• _Your goal_
Output the first line of the listing and each line after it, up to and including the line that contains "In the process", exactly as written, minus the pictures.

___ Material provided

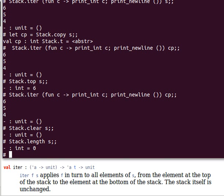So you must have noticed by now that these data structures, the hash table, queue, and stack, are mutable, i.e. we can actually change the values inside them. Yes, we can change their contents.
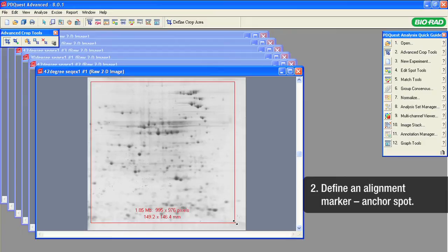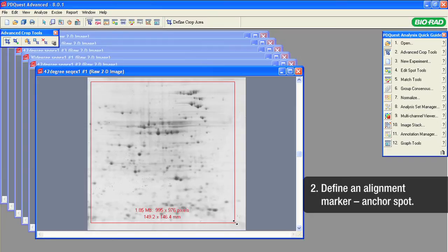In the process of cropping the images, we will point to this anchor spot in every image and the software will align the entire image set by this anchor spot position.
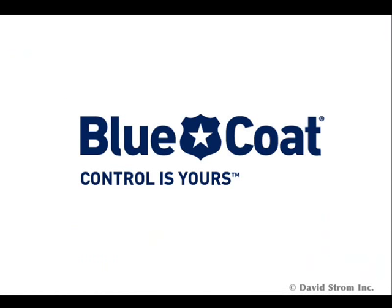Thanks for watching webinformant.tv. Feel free to send me your comments via email to david at strom.com.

______

• _Reply_
So you must have noticed by now that these data structures, the hash table, queue, and stack, are mutable, i.e. we can actually change the values inside them. Yes, we can change their contents.
In the process of cropping the images, we will point to this anchor spot in every image and the software will align the entire image set by this anchor spot position.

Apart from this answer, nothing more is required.